Type out the entries below again, character for character.
——
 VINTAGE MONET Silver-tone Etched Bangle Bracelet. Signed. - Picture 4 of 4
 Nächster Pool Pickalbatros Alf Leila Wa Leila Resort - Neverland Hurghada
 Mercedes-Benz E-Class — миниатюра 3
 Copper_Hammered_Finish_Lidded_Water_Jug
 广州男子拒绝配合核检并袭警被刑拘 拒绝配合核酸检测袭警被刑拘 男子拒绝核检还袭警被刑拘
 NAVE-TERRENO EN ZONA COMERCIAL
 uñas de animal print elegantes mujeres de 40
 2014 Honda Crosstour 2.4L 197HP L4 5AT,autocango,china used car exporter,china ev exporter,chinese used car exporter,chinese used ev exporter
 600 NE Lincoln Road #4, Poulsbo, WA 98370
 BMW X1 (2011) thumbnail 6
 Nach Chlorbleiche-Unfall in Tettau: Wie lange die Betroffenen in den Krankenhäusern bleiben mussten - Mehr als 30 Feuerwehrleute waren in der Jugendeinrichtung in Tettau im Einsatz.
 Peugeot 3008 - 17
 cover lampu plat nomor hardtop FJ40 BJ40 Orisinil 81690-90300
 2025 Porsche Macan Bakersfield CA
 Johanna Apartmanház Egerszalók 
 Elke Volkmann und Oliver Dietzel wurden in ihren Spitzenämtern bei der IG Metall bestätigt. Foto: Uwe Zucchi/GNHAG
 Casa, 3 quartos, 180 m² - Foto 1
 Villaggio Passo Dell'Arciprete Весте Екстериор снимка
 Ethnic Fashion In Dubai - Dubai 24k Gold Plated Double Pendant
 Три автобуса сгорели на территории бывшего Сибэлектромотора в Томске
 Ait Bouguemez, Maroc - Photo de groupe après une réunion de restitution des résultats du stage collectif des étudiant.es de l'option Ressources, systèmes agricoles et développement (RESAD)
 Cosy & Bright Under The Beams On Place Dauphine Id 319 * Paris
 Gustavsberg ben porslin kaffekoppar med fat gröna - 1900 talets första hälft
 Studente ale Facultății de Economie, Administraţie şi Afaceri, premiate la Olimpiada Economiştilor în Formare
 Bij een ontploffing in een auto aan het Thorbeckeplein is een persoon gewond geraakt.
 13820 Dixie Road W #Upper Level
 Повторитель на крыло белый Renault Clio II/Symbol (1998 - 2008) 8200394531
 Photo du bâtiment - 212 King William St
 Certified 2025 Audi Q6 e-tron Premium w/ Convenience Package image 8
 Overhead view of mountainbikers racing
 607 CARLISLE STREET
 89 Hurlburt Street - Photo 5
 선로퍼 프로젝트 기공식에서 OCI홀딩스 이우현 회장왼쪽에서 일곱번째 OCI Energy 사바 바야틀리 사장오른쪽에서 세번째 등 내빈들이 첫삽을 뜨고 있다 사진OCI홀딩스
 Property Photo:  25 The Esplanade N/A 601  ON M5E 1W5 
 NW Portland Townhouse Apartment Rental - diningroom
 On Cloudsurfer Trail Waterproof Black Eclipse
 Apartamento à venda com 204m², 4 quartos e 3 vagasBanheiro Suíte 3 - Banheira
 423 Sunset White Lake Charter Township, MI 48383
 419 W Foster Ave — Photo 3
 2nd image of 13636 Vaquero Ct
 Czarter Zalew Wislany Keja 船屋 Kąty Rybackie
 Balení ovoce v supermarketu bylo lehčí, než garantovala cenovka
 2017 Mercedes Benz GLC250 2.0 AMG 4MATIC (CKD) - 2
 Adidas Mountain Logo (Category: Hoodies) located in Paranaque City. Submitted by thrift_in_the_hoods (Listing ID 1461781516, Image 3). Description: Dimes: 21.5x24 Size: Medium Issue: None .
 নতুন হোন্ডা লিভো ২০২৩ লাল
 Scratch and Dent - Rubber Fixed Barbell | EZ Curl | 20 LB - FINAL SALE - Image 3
——
> [Answer box]:
 VINTAGE MONET Silver-tone Etched Bangle Bracelet. Signed. - Picture 4 of 4
 Nächster Pool Pickalbatros Alf Leila Wa Leila Resort - Neverland Hurghada
 Mercedes-Benz E-Class — миниатюра 3
 Copper_Hammered_Finish_Lidded_Water_Jug
 广州男子拒绝配合核检并袭警被刑拘 拒绝配合核酸检测袭警被刑拘 男子拒绝核检还袭警被刑拘
 NAVE-TERRENO EN ZONA COMERCIAL
 uñas de animal print elegantes mujeres de 40
 2014 Honda Crosstour 2.4L 197HP L4 5AT,autocango,china used car exporter,china ev exporter,chinese used car exporter,chinese used ev exporter
 600 NE Lincoln Road #4, Poulsbo, WA 98370
 BMW X1 (2011) thumbnail 6
 Nach Chlorbleiche-Unfall in Tettau: Wie lange die Betroffenen in den Krankenhäusern bleiben mussten - Mehr als 30 Feuerwehrleute waren in der Jugendeinrichtung in Tettau im Einsatz.
 Peugeot 3008 - 17
 cover lampu plat nomor hardtop FJ40 BJ40 Orisinil 81690-90300
 2025 Porsche Macan Bakersfield CA
 Johanna Apartmanház Egerszalók 
 Elke Volkmann und Oliver Dietzel wurden in ihren Spitzenämtern bei der IG Metall bestätigt. Foto: Uwe Zucchi/GNHAG
 Casa, 3 quartos, 180 m² - Foto 1
 Villaggio Passo Dell'Arciprete Весте Екстериор снимка
 Ethnic Fashion In Dubai - Dubai 24k Gold Plated Double Pendant
 Три автобуса сгорели на территории бывшего Сибэлектромотора в Томске
 Ait Bouguemez, Maroc - Photo de groupe après une réunion de restitution des résultats du stage collectif des étudiant.es de l'option Ressources, systèmes agricoles et développement (RESAD)
 Cosy & Bright Under The Beams On Place Dauphine Id 319 * Paris
 Gustavsberg ben porslin kaffekoppar med fat gröna - 1900 talets första hälft
 Studente ale Facultății de Economie, Administraţie şi Afaceri, premiate la Olimpiada Economiştilor în Formare
 Bij een ontploffing in een auto aan het Thorbeckeplein is een persoon gewond geraakt.
 13820 Dixie Road W #Upper Level
 Повторитель на крыло белый Renault Clio II/Symbol (1998 - 2008) 8200394531
 Photo du bâtiment - 212 King William St
 Certified 2025 Audi Q6 e-tron Premium w/ Convenience Package image 8
 Overhead view of mountainbikers racing
 607 CARLISLE STREET
 89 Hurlburt Street - Photo 5
 선로퍼 프로젝트 기공식에서 OCI홀딩스 이우현 회장왼쪽에서 일곱번째 OCI Energy 사바 바야틀리 사장오른쪽에서 세번째 등 내빈들이 첫삽을 뜨고 있다 사진OCI홀딩스
 Property Photo:  25 The Esplanade N/A 601  ON M5E 1W5 
 NW Portland Townhouse Apartment Rental - diningroom
 On Cloudsurfer Trail Waterproof Black Eclipse
 Apartamento à venda com 204m², 4 quartos e 3 vagasBanheiro Suíte 3 - Banheira
 423 Sunset White Lake Charter Township, MI 48383
 419 W Foster Ave — Photo 3
 2nd image of 13636 Vaquero Ct
 Czarter Zalew Wislany Keja 船屋 Kąty Rybackie
 Balení ovoce v supermarketu bylo lehčí, než garantovala cenovka
 2017 Mercedes Benz GLC250 2.0 AMG 4MATIC (CKD) - 2
 Adidas Mountain Logo (Category: Hoodies) located in Paranaque City. Submitted by thrift_in_the_hoods (Listing ID 1461781516, Image 3). Description: Dimes: 21.5x24 Size: Medium Issue: None .
 নতুন হোন্ডা লিভো ২০২৩ লাল
 Scratch and Dent - Rubber Fixed Barbell | EZ Curl | 20 LB - FINAL SALE - Image 3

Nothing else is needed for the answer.